• What to work on: Lines from the one containing "this 768×669 image." through the end of the entries below: set them down exactly, both ends included, with nothing added.

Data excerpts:

Content starts

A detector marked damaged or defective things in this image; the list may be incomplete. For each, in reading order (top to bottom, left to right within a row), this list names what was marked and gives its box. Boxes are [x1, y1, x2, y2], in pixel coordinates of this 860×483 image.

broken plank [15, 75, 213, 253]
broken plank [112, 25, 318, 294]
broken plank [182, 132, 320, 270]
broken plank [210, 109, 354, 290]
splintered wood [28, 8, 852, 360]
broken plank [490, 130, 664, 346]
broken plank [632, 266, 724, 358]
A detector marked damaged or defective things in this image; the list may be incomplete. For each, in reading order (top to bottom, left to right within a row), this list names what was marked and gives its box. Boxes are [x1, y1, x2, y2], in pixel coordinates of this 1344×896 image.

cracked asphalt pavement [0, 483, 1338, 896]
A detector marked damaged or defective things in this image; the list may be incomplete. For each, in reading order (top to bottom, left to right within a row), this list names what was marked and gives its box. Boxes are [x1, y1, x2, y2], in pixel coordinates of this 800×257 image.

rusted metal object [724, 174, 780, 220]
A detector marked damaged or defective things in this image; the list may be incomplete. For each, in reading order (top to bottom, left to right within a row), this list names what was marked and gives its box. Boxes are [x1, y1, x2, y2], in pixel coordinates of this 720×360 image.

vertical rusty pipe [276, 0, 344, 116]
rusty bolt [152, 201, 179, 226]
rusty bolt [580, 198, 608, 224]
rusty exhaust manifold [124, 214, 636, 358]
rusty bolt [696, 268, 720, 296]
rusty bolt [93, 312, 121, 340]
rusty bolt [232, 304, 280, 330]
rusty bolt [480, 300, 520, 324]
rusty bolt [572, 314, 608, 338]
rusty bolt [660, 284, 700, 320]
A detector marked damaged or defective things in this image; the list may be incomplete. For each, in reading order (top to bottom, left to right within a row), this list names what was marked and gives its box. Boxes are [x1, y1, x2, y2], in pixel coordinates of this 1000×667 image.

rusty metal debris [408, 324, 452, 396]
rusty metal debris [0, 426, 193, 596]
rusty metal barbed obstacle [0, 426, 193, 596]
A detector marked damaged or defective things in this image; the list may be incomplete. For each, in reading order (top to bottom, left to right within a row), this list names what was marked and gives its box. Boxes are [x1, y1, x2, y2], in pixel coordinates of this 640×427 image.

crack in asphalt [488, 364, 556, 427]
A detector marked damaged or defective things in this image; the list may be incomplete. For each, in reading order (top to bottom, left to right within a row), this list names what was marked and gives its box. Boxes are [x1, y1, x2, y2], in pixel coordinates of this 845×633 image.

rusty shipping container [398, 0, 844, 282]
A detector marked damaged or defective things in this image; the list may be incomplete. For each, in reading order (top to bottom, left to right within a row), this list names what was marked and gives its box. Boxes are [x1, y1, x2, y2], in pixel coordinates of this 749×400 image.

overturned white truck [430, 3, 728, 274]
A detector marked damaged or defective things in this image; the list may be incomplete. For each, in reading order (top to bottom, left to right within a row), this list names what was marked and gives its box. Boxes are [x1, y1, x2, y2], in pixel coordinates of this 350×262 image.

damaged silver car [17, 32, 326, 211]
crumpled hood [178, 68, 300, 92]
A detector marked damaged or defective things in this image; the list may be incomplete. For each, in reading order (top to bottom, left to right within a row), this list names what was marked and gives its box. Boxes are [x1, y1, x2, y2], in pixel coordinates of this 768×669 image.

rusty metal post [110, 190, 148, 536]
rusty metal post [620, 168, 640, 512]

Content ends

• Solution for this exercise:
A detector marked damaged or defective things in this image; the list may be incomplete. For each, in reading order (top to bottom, left to right within a row), this list names what was marked and gives its box. Boxes are [x1, y1, x2, y2], in pixel coordinates of this 768×669 image.

rusty metal post [110, 190, 148, 536]
rusty metal post [620, 168, 640, 512]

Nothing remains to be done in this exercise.